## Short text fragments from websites
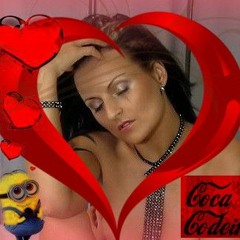 Coca Codein Is Pretty Sure That She's Hot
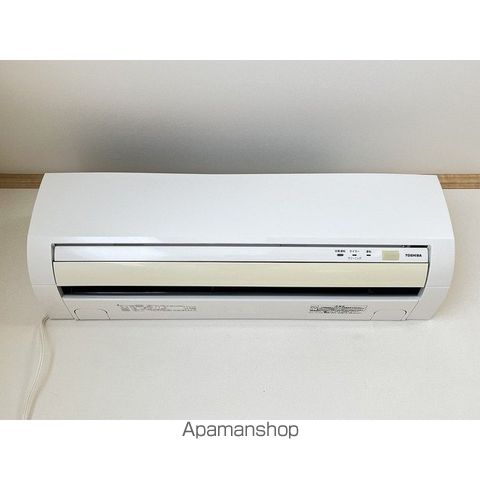 スーパーハイム北央の内装写真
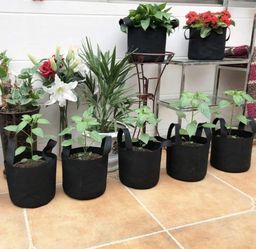 Smartpots  7 gallon (12pk)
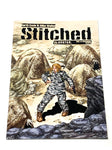 STITCHED #4. NM CONDITION.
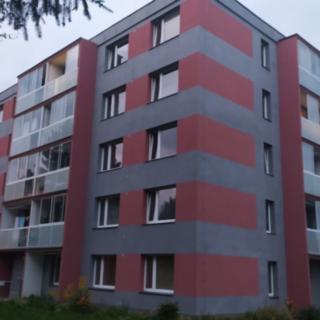 Pronájem bytu 1+kk a garsoniéry 27 m² Zábřeh, 28. října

## Work request
A word-for-word transcript of the entries above is needed, with pictures removed.

## Task response
 Coca Codein Is Pretty Sure That She's Hot
 スーパーハイム北央の内装写真
 Smartpots  7 gallon (12pk)
 STITCHED #4. NM CONDITION.
 Pronájem bytu 1+kk a garsoniéry 27 m² Zábřeh, 28. října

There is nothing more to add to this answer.